Captioned web image data
********************

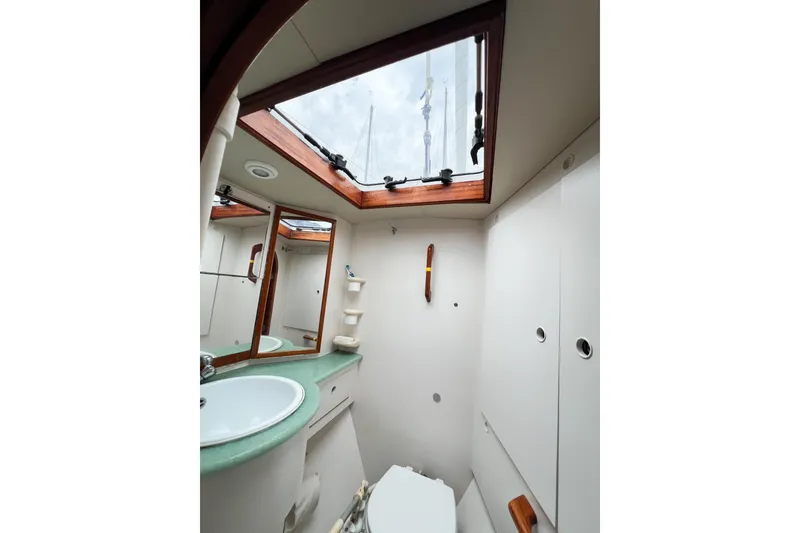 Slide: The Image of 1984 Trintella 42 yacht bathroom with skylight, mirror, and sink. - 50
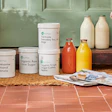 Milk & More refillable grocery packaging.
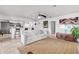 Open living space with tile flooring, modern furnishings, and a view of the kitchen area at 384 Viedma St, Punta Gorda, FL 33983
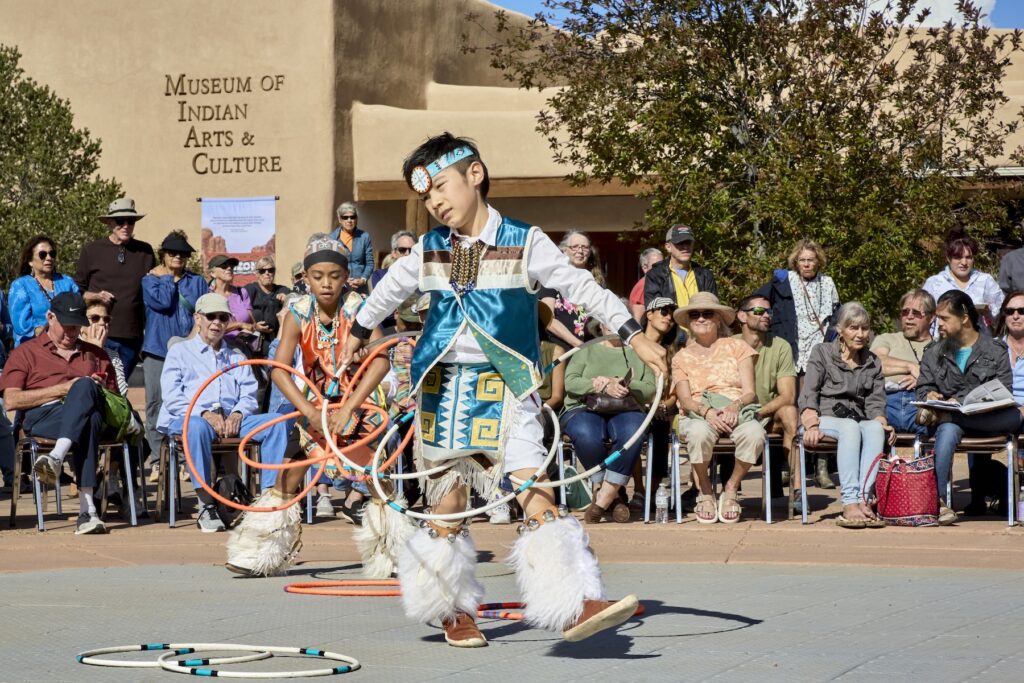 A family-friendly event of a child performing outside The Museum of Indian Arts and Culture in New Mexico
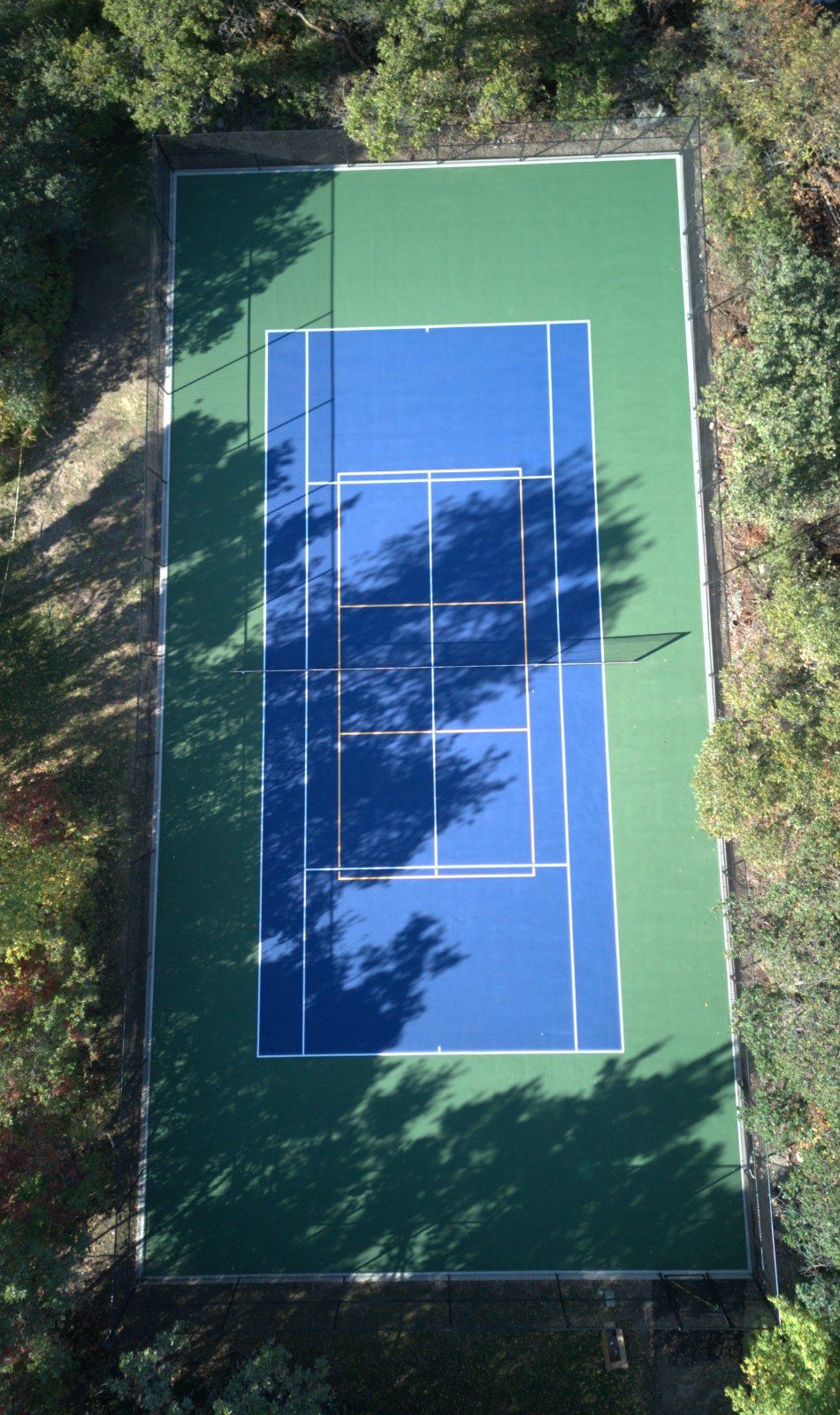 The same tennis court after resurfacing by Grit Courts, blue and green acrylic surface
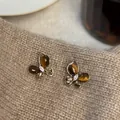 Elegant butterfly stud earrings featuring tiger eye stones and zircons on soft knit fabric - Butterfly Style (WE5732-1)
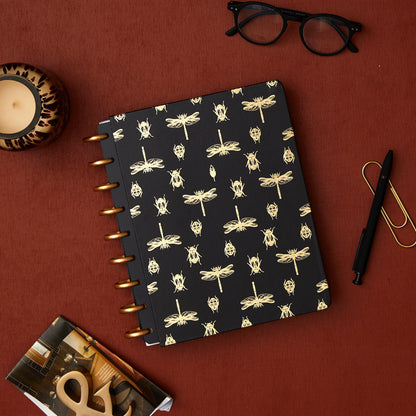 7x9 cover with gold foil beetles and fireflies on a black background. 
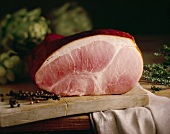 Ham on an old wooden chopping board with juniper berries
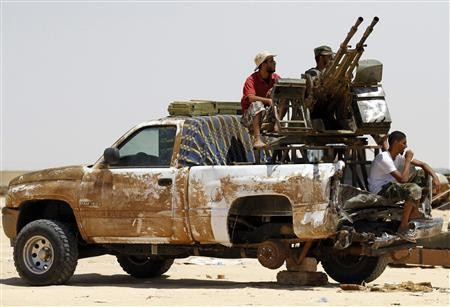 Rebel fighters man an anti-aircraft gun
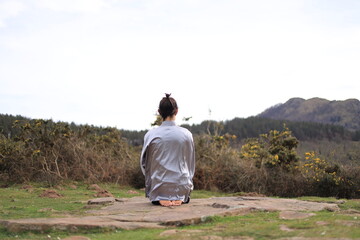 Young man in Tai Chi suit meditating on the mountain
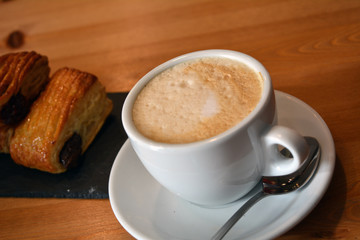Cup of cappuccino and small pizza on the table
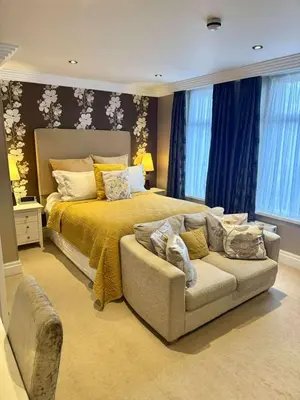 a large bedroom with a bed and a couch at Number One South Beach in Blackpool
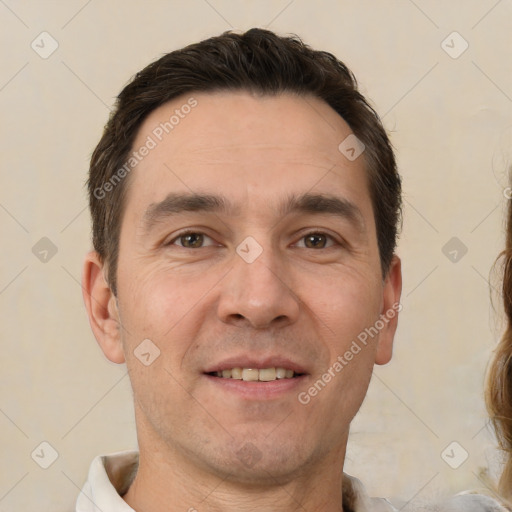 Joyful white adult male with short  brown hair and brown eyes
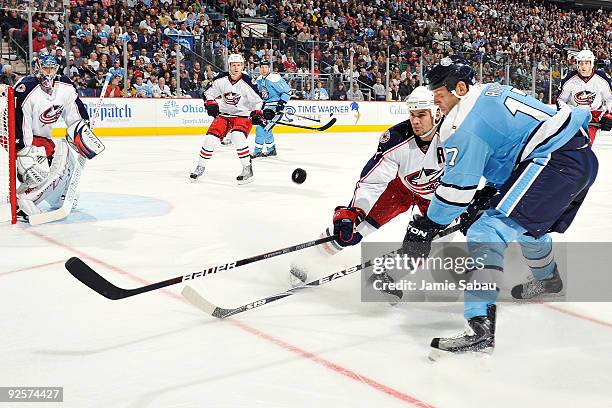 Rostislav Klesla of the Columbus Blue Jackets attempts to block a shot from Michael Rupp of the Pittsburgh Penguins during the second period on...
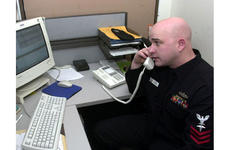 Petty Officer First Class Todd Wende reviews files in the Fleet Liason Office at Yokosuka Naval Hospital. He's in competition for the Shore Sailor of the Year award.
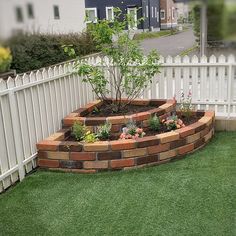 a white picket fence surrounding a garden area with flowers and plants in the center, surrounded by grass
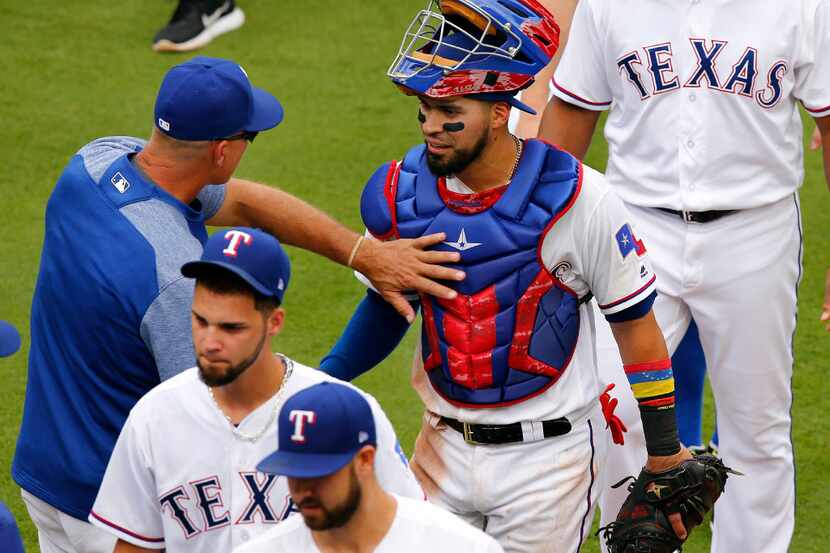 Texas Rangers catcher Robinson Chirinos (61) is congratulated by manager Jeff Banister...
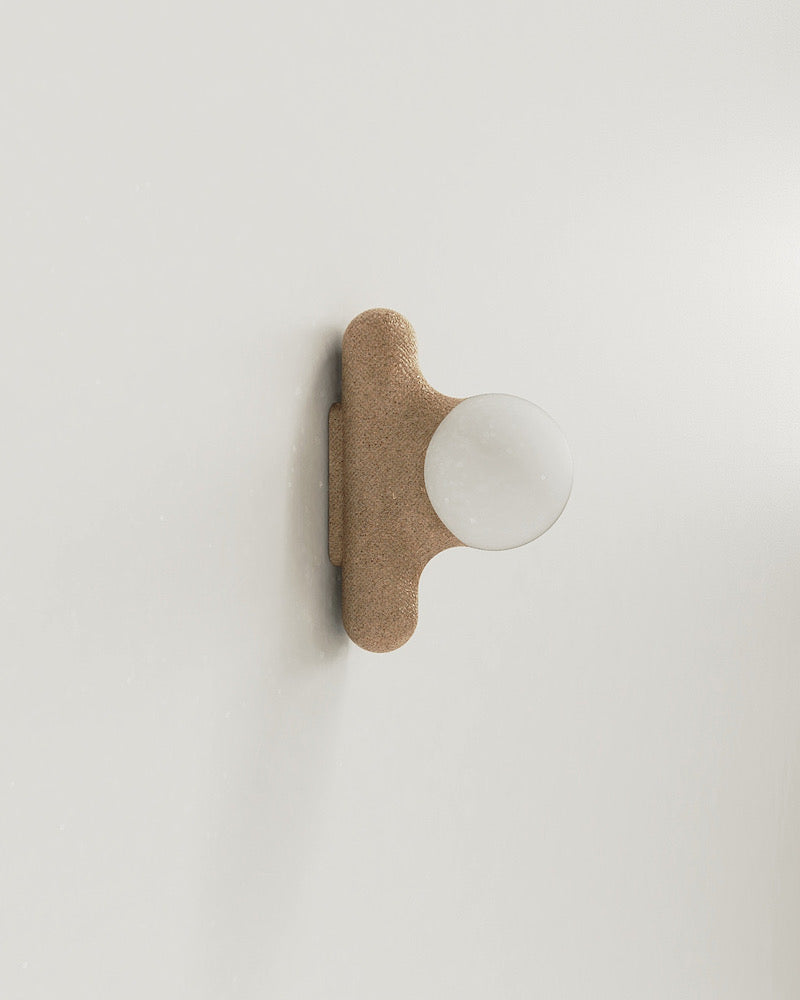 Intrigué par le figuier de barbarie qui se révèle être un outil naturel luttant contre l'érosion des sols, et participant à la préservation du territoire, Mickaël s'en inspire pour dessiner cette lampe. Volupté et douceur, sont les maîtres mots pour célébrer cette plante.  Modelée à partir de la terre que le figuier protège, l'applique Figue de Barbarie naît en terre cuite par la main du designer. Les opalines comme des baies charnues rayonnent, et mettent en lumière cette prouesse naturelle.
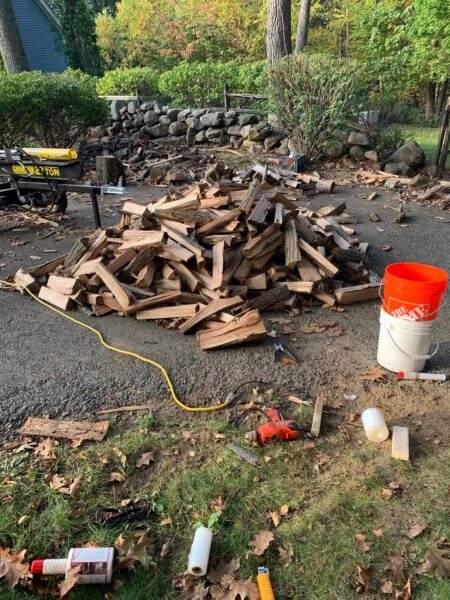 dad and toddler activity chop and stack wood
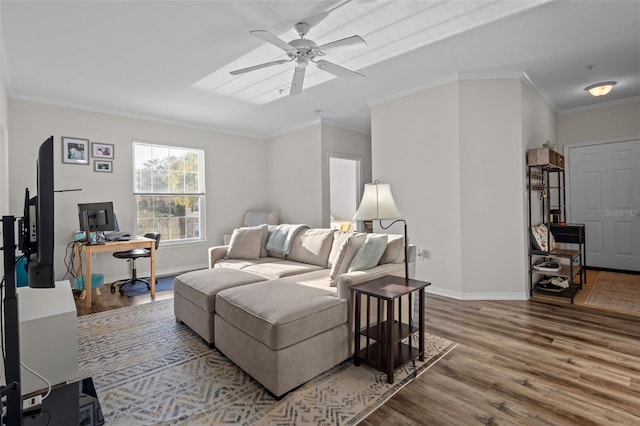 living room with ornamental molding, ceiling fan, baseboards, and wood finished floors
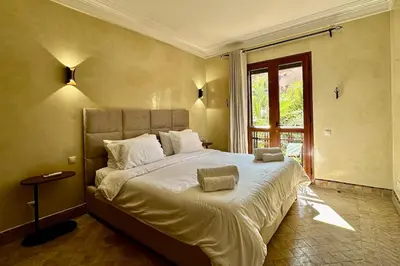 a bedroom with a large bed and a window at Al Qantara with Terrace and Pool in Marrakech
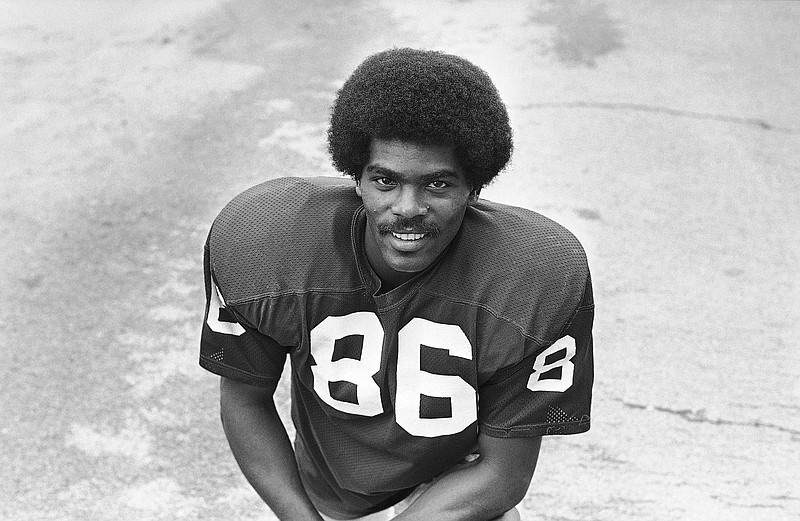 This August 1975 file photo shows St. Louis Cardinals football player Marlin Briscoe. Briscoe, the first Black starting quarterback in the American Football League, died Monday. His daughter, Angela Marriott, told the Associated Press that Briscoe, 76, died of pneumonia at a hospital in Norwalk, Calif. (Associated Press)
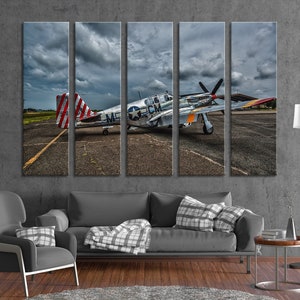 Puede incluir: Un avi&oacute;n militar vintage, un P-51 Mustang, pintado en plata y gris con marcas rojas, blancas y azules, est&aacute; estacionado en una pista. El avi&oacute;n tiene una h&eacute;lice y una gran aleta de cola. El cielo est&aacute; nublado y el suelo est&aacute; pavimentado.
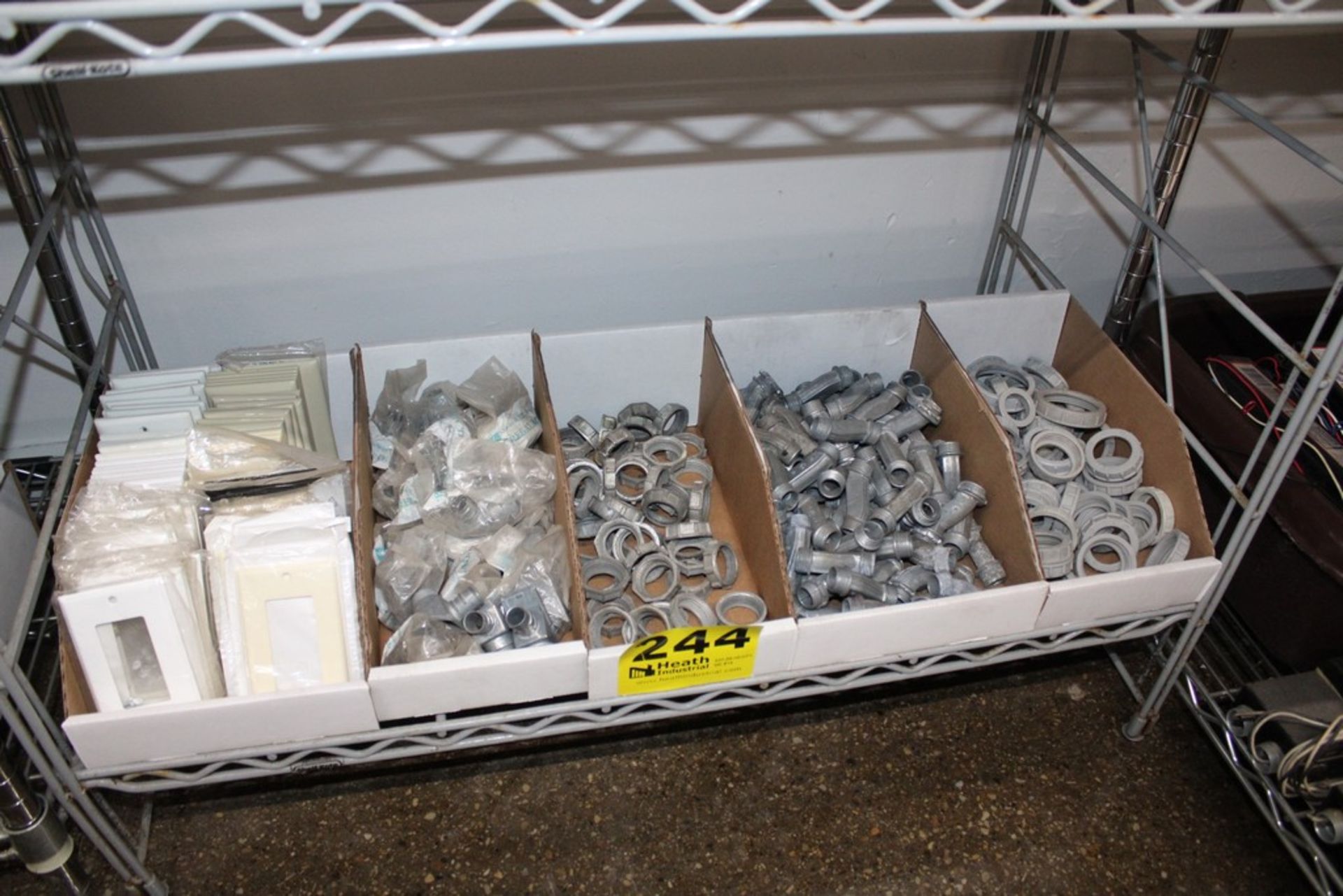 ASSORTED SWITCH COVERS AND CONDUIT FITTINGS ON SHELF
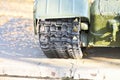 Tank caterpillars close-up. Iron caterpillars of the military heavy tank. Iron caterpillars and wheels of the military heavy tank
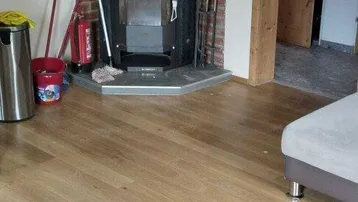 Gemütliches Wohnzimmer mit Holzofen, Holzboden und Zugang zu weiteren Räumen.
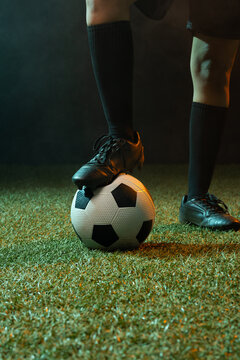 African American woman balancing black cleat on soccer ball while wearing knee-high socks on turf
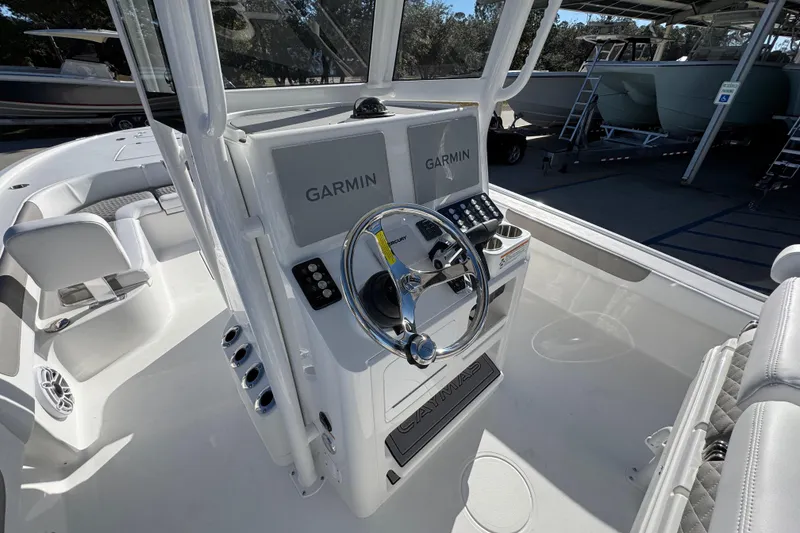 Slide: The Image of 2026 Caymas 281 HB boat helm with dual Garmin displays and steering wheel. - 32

********************

**Exercise:**
Pictures don't belong in the copy. Retype exactly the lines from the one with "African American woman" through the last line of the records.

**Task response:**
 African American woman balancing black cleat on soccer ball while wearing knee-high socks on turf
 Slide: The Image of 2026 Caymas 281 HB boat helm with dual Garmin displays and steering wheel. - 32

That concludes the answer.